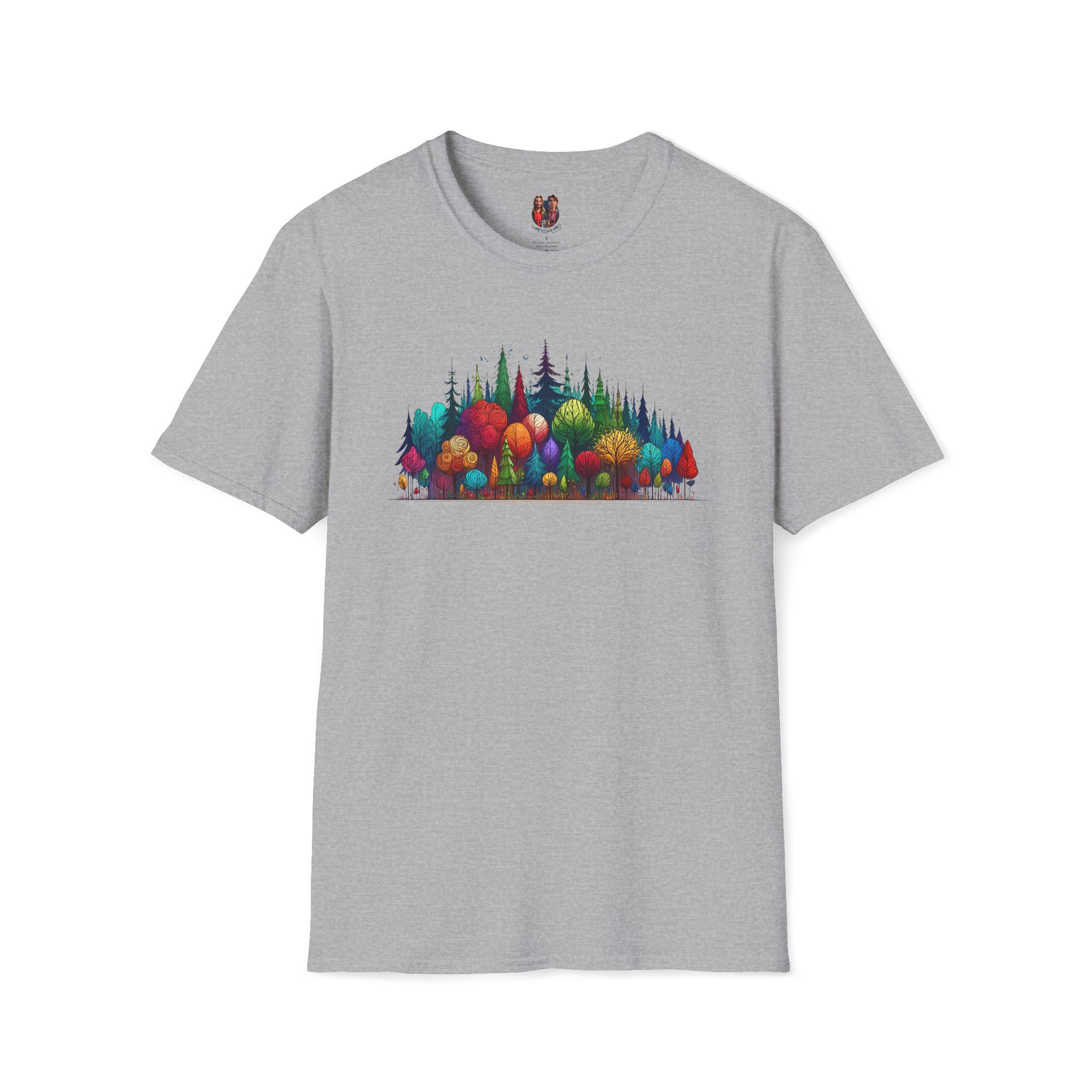 Retro Forest tshirt - Woodland Graphic - Vintage Nature Landscape Shirt - Image 8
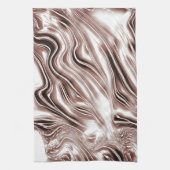 Braune, weiße Spuren auf weißem Hintergrund Geschirrtuch (Vertikal)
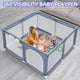 thumbnail image 5 of Baby Playpen for Toddler, Large Playyard, Play Pens for Babies and Toddlers, Indoor & Outdoor Kids Activity Center, Sturdy Safety Play Yard with Soft Breathable Mesh(Gray,50”×50”), 5 of 5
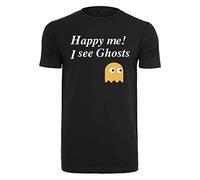 Mister Tee Happy Me I See Ghosts tee, Camiseta Hombre, Black, M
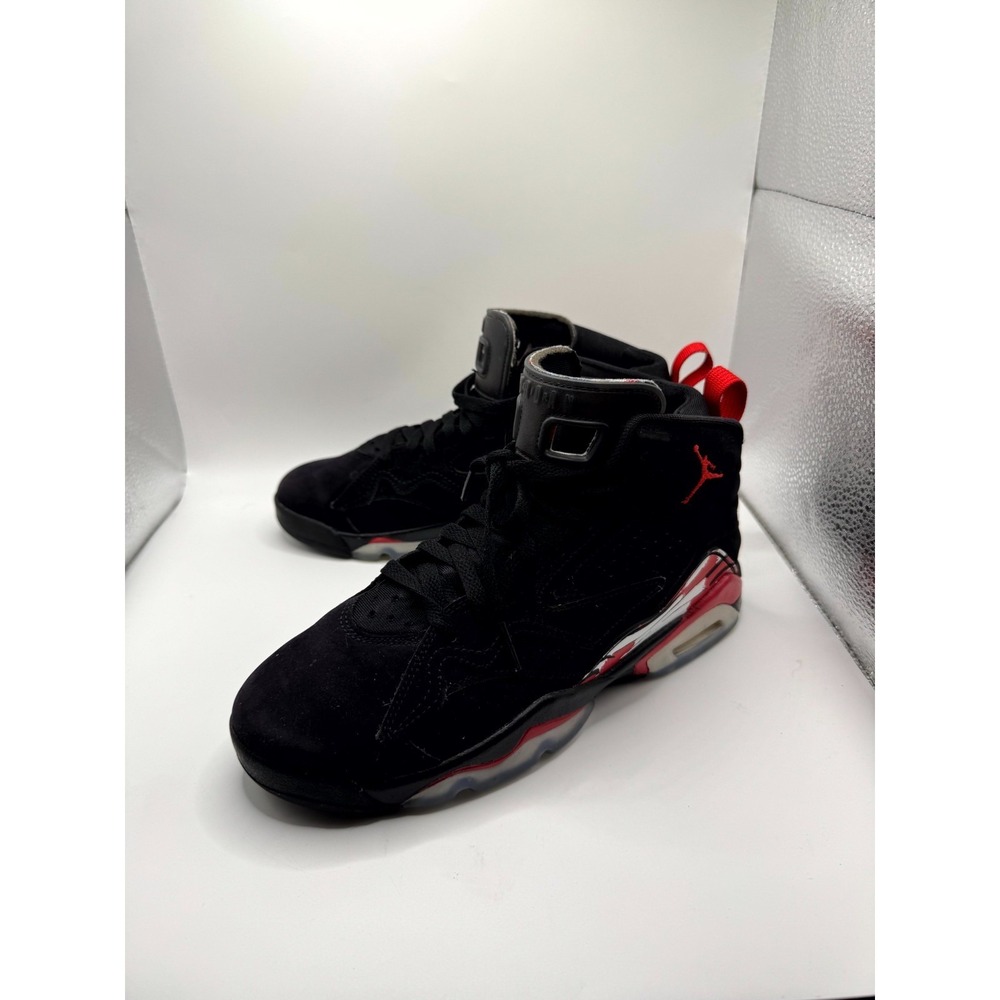 Nike Air Jordan MVP GS Bred DZ5577-061 Kids 6.5 Sneakers Black Nubuck Shoes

——

REQUIRED ACTION
Starting at the line that contains "Mister Tee Happy", reproduce each line exactly through the end of the entries above, leaving every picture out.

FINISHED TASK
 Mister Tee Happy Me I See Ghosts tee, Camiseta Hombre, Black, M
 Nike Air Jordan MVP GS Bred DZ5577-061 Kids 6.5 Sneakers Black Nubuck Shoes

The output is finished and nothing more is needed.